Big data has the potential to transform business, improve lives, and change our world — but your company needs to be able to unleash its potential while minimizing the risk associated with new technologies. Informatica Big Data Edition provides a safe, efficient way to integrate all types of data on Hadoop at any scale without having to learn Hadoop.

Increase Productivity up to Five Times

Early adopters of Hadoop and other big data technologies had no choice but to hand-code using Java or scripting languages such as Pig or Hive. Informatica Big Data Edition saves your developers time and effort with a visual development environment, reusable business rules and mapplets, efficient collaboration tools, and flexible deployment models that let them work up to five times faster and more efficiently.

Integrate All Data at Scale

Transaction data stored in databases and flat file formats is only a fraction of the ever-growing volume of data that today's businesses need to integrate. Informatica provides hundreds of high-speed connectors and pre-built transformations so you can integrate data on Hadoop from cloud and mobile applications, social media, sensor devices, and more.

Readily Staff Big Data Projects

Hiring and retaining big data experts can be a time -consuming and costly challenge — but it doesn't have to be.
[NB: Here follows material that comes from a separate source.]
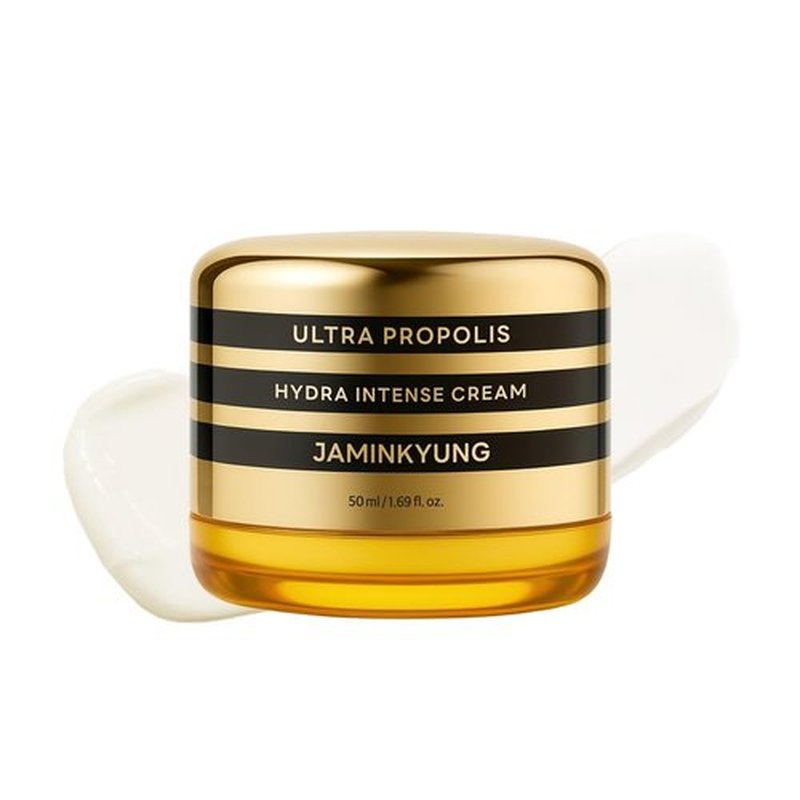 Jaminkyung Triple Propolis & Snail Mucin Face Cream, Korean Glass Skin Moisturizer with 8-Layer Hyaluronic Acid & Panthenol for Deep Hydration, Glowing & Repairing Dry, Dull Skin, 1.69 fl oz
Your data scientists and analysts likely spend only 20 percent of their time on data analysis and the rest on the tedious mechanics of data integration such as accessing, parsing, and managing data. With Informatica Big Data Edition, no specialized coding is required to scale performance on distributed computing platforms like Hadoop. With more than 100,000 trained Informatica developers worldwide, the resources and skills you need for big data projects are never out of reach or scale.

Adopting New Technologies Just Got Safer

The big data ecosystem is evolving rapidly, but you shouldn't have to worry about betting on the wrong technology or running into problems with a change or upgrade. Informatica Big Data Edition is powered by Informatica Vibe™ so you can "Map Once, Deploy Anywhere," knowing that even as technologies change you can run data integration jobs without having to rebuild data processing flows

Informatica PowerCenter Big Data Edition is highly scalable, high-performance enterprise data integration software. Its visual development environment lets developers build ETL data flows that run natively on Hadoop — without having to learn Hadoop.
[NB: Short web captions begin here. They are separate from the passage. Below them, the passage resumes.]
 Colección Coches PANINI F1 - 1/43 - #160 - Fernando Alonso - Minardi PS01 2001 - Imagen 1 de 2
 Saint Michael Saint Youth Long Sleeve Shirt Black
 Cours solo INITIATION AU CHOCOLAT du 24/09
Up to Five Times More Productivity

Increase developer productivity on Hadoop up to five times over hand-coding through the visual Informatica development environment.  Easily reuse data flows and collaborate with other developers and analysts with a common integrated development environment (IDE).

Universal Data Access

Your IT team can access all types of big transaction data, including RDBMS, OLTP, OLAP, ERP, CRM, mainframe, cloud, and others. You can also access all types of big interaction data, including social media data, log files, machine sensor data, Web sites, blogs, documents, emails, and other unstructured or multi-structured data.

High-Speed Data Ingestion and Extraction

You can access, load, transform, and extract big data between source and target systems or directly into Hadoop, HBase, or your data warehouse. High-performance connectivity through native APIs to source and target systems with parallel processing ensures high-speed data ingestion and extraction.

Real-Time Data Collection and Streaming

Collect massive amounts of machine, log file, and sensor data and stream in real-time over both local and wide area networks directly into Hadoop. A highly available, easy- to- use, and many-to-many configurable topology ensures fast, reliable connections between all sources and targets.

Unlimited Scalability

Your IT organization can process all types of data at any scale—from terabytes to petabytes—with no specialized coding on distributed computing platforms such as Hadoop.

Optimized Performance for Lowest Cost

Based on data volumes, data type, latency requirements, and available hardware, Informatica Big Data Edition deploys big data processing on the highest performance and most cost-effective data processing platforms. You get the most out of your current investments and capacity whether you deploy data processing on SMP machines, traditional grid clusters, distributed computing platforms such as Hadoop, or data warehouse appliances.

Data Integration (ETL) on Hadoop

This edition provides an extensive library of prebuilt transformation capabilities on Hadoop, including data type conversions and string manipulations, high-performance cache-enabled lookups, filters, joiners, sorters, routers, aggregations, and many more. Your IT team can rapidly develop data flows on Hadoop using a codeless graphical development environment to increase productivity and promote reuse.

Data Profiling on Hadoop

Data on Hadoop can be profiled through the Informatica developer tool and a browser-based analyst tool. This makes it easy for developers, analysts, and data scientists to understand the data, identify data quality issues earlier, collaborate on data flow specifications, and validate mapping transformation and rules logic.

Data Quality on Hadoop

Cleanse, match, and standardize data of any type and volume natively on Hadoop to deliver authoritative and trustworthy data. Use an extensive set of prebuilt data quality rules or create your own using the visual development environment. Execute address validation to parse, cleanse, standardize, and enrich global address data.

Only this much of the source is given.